## Supplied information
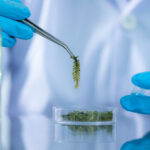 Single cell protein: The potential substitute of animal nutrition Single cell protein: the potential substitute of animal nutrition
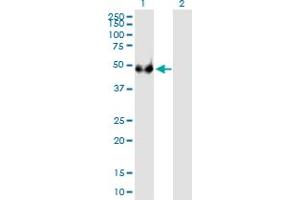 EIF3F antibody  (AA 1-357)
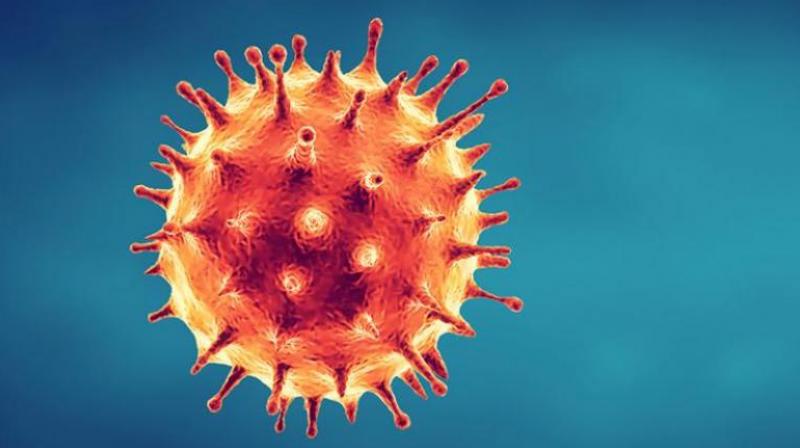 coronavirus coronavirus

## Brief
Please give the material above again in full, with no pictures in your version.

## Output below
 Single cell protein: The potential substitute of animal nutrition Single cell protein: the potential substitute of animal nutrition
 EIF3F antibody  (AA 1-357)
 coronavirus coronavirus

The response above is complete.